I've got a 35 LaSalle badged Schwinn that I ratted. Added 30's Rollfast Gothic peaked fenders, a rear carrier from the 20's, teacup light and Seiss battery tube and had Bob U recover the seat. This is my favorite bike and rides amazing!


----------



## bricycle (May 20, 2017)

Kool, like the '41 too.


----------



## Iverider (May 20, 2017)

I love the look of ballooners with knobbies. It would look even cooler with some rain gutter fenders in my opinion. That frame has a post apocalyptic look to it. Nice build!


----------



## tailhole (May 25, 2017)

bricycle said:


> Kool, like the '41 too.



The other truck?  It's a '46 1.5 ton, thanks!


----------



## tailhole (May 25, 2017)

Well, I rode it on the Cruz and it did pretty good.  Lots of sweet bikes turned out.


----------



## stoney (May 25, 2017)

tailhole said:


> Last year, I gave a buddy some prewar bicycle odds & ends.  He returned a few weeks later with this beat up, but interesting green motorbike frame (no fork, not hardware). I hung it in the garage and other than admiring it from time to time, didn't think about it much.
> Last Saturday he stopped by with the fork.  He came across it and thought I might want to have it.
> Last Wednesday, I put the fork on it, just to see how it looked.
> A few hours later I was riding it all over the yard.  I love this thing and plan on riding it on the Blu'z Cruz (Denver antique bicycle ride which takes place every 3rd Sunday of the month, year round in rain snow or sun).
> ...




Great photo.

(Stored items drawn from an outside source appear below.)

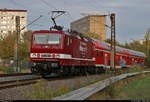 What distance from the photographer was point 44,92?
9.35 metres

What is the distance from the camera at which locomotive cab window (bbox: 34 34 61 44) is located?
19.1m

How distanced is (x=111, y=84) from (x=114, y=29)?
15643mm

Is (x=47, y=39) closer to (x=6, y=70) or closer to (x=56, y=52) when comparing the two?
Result: (x=56, y=52)

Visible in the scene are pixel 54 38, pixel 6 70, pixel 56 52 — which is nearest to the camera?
pixel 56 52

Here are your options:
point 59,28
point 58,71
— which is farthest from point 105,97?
point 59,28

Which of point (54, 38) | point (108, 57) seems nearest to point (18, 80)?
point (54, 38)

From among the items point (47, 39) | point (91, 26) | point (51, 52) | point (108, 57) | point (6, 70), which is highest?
point (91, 26)

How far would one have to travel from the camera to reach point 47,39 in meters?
19.3

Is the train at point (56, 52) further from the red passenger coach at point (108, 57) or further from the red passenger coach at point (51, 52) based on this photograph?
the red passenger coach at point (108, 57)

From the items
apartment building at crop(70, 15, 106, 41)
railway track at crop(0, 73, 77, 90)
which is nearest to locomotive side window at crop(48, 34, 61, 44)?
railway track at crop(0, 73, 77, 90)

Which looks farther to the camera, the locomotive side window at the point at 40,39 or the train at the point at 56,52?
the locomotive side window at the point at 40,39

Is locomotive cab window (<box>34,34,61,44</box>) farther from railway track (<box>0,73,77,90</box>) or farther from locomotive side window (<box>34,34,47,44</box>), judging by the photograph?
railway track (<box>0,73,77,90</box>)

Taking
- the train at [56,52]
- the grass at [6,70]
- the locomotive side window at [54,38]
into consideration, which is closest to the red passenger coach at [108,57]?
the train at [56,52]

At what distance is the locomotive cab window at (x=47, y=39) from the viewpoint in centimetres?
1906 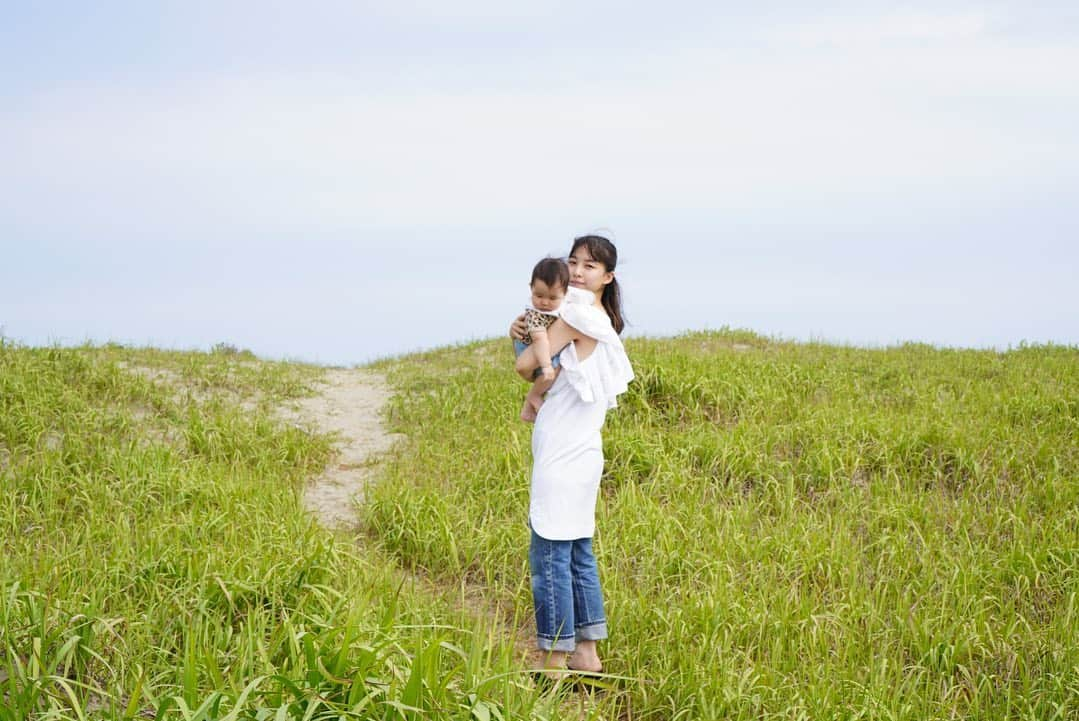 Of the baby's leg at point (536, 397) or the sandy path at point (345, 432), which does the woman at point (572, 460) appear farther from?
the sandy path at point (345, 432)

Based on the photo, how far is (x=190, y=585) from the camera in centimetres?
509

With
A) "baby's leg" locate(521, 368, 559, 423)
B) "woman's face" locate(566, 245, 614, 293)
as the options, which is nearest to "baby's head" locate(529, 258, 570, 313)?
"woman's face" locate(566, 245, 614, 293)

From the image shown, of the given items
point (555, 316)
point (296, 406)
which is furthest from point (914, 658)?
point (296, 406)

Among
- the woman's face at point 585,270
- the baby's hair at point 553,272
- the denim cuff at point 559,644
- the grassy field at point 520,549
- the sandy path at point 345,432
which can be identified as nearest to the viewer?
the grassy field at point 520,549

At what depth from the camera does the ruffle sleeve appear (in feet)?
15.3

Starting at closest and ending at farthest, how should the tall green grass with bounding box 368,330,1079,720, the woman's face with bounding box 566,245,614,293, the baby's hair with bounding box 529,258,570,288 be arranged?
the baby's hair with bounding box 529,258,570,288, the woman's face with bounding box 566,245,614,293, the tall green grass with bounding box 368,330,1079,720

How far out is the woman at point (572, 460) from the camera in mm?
4637

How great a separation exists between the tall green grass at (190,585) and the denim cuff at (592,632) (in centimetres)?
48

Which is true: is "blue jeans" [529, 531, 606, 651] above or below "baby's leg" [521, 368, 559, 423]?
below

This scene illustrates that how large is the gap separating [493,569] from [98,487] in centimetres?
348

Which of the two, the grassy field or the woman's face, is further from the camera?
the woman's face

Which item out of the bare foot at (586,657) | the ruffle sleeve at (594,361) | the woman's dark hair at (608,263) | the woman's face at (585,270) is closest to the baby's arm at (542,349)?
the ruffle sleeve at (594,361)

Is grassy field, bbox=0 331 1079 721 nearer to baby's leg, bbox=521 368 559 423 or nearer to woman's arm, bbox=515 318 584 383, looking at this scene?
baby's leg, bbox=521 368 559 423

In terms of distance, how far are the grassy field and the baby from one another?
1249 millimetres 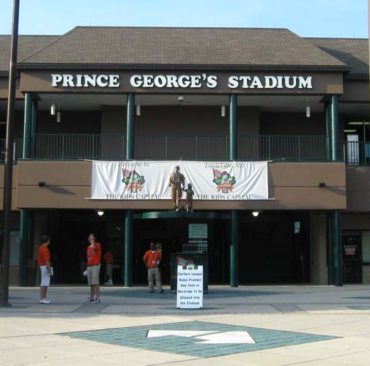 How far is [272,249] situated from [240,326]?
1724 centimetres

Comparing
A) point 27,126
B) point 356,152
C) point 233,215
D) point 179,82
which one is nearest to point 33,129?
point 27,126

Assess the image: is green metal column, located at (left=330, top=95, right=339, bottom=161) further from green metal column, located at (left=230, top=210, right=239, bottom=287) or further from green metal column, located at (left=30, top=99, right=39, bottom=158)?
green metal column, located at (left=30, top=99, right=39, bottom=158)

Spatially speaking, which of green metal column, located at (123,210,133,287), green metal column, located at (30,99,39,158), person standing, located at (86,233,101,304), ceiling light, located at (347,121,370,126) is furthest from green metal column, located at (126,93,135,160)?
ceiling light, located at (347,121,370,126)

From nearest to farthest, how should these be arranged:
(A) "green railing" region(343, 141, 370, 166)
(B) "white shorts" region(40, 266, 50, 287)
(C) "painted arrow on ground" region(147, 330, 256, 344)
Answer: (C) "painted arrow on ground" region(147, 330, 256, 344)
(B) "white shorts" region(40, 266, 50, 287)
(A) "green railing" region(343, 141, 370, 166)

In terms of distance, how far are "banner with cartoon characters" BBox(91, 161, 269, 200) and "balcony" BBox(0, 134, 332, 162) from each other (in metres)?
1.86

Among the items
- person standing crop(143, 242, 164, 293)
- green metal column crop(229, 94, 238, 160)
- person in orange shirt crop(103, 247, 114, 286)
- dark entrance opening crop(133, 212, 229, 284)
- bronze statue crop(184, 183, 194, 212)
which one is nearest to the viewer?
person standing crop(143, 242, 164, 293)

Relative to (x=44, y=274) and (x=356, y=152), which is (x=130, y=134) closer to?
(x=44, y=274)

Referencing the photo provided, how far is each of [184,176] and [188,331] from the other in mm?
13164

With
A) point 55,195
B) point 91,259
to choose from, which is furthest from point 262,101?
point 91,259

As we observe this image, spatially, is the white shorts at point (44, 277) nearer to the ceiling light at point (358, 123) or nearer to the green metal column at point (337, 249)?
the green metal column at point (337, 249)

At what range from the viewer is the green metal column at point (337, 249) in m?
24.3

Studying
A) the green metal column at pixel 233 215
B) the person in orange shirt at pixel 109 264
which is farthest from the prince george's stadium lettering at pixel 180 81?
the person in orange shirt at pixel 109 264

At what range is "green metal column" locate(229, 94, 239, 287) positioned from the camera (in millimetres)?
24078

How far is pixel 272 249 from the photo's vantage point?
2945 cm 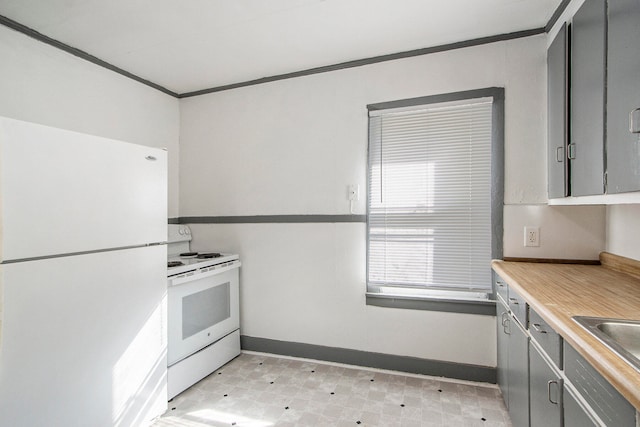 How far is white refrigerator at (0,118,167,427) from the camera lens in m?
1.32

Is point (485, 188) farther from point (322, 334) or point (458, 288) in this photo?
point (322, 334)

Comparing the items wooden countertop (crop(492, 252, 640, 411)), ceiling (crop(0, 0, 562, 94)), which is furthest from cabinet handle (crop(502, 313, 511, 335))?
ceiling (crop(0, 0, 562, 94))

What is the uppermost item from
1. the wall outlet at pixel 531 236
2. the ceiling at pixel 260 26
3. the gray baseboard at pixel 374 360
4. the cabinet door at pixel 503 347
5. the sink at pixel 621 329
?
the ceiling at pixel 260 26

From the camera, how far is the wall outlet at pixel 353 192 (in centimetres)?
259

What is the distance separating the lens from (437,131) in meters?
2.36

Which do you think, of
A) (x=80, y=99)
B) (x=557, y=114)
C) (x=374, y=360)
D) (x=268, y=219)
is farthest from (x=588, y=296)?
(x=80, y=99)

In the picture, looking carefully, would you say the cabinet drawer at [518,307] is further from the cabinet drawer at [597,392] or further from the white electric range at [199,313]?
the white electric range at [199,313]

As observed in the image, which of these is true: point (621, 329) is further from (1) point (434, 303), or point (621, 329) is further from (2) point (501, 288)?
(1) point (434, 303)

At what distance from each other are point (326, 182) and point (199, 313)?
4.67 ft

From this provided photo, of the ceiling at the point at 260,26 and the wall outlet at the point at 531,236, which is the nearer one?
the ceiling at the point at 260,26

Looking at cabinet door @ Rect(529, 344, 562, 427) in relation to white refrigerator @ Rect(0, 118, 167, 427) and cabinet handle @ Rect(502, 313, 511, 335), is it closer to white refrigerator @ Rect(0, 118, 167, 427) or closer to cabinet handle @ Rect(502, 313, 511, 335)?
cabinet handle @ Rect(502, 313, 511, 335)

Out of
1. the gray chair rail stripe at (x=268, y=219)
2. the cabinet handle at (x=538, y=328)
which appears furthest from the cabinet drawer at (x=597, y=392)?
the gray chair rail stripe at (x=268, y=219)

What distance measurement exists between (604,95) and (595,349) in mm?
1066

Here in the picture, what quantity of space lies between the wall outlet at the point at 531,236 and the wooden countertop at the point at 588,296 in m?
0.14
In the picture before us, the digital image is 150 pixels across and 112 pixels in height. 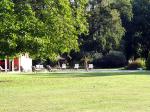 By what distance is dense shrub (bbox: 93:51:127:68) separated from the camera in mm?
93137

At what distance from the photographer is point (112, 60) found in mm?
93062

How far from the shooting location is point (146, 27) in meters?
102

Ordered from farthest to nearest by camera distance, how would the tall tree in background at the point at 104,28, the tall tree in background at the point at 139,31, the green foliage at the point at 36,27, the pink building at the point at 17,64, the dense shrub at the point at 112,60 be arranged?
1. the tall tree in background at the point at 139,31
2. the tall tree in background at the point at 104,28
3. the dense shrub at the point at 112,60
4. the pink building at the point at 17,64
5. the green foliage at the point at 36,27

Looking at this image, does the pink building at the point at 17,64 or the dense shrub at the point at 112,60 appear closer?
the pink building at the point at 17,64

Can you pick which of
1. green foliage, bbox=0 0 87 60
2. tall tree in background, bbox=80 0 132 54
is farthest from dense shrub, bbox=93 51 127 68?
green foliage, bbox=0 0 87 60

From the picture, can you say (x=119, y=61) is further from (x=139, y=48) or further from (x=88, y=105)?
(x=88, y=105)

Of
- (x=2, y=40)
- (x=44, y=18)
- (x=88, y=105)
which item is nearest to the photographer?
(x=88, y=105)

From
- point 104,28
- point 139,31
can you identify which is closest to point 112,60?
point 104,28

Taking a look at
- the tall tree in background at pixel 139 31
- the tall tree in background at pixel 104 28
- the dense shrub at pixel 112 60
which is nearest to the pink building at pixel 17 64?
the dense shrub at pixel 112 60

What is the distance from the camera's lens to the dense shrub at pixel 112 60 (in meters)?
93.1

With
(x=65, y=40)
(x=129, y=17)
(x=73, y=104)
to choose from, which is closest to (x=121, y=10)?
(x=129, y=17)

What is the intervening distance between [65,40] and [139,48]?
64257 mm

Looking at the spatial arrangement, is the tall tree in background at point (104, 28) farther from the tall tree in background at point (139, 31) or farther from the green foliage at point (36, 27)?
the green foliage at point (36, 27)

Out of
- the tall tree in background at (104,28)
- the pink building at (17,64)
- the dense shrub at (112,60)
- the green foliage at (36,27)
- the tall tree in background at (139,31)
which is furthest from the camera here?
the tall tree in background at (139,31) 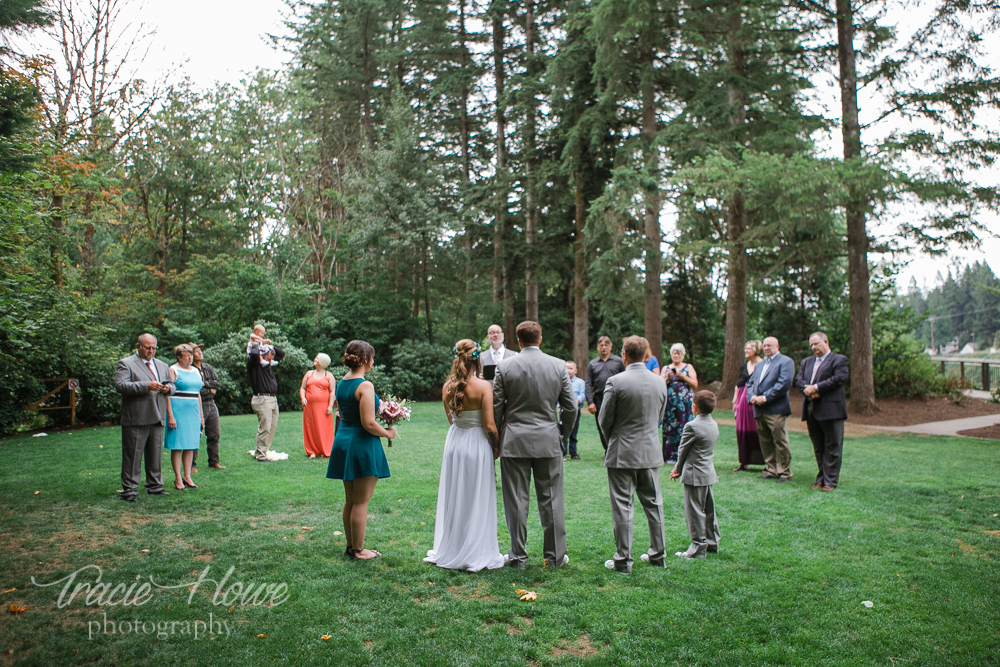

It actually looks period.


----------



## mfhemi1969 (May 25, 2017)

jimbo53 said:


> I've got a 35 LaSalle badged Schwinn that I ratted. Added 30's Rollfast Gothic peaked fenders, a rear carrier from the 20's, teacup light and Seiss battery tube and had Bob U recover the seat. This is my favorite bike and rides amazing!
> 
> View attachment 469224



Lookin good, Thats a great rider! Congrats.


----------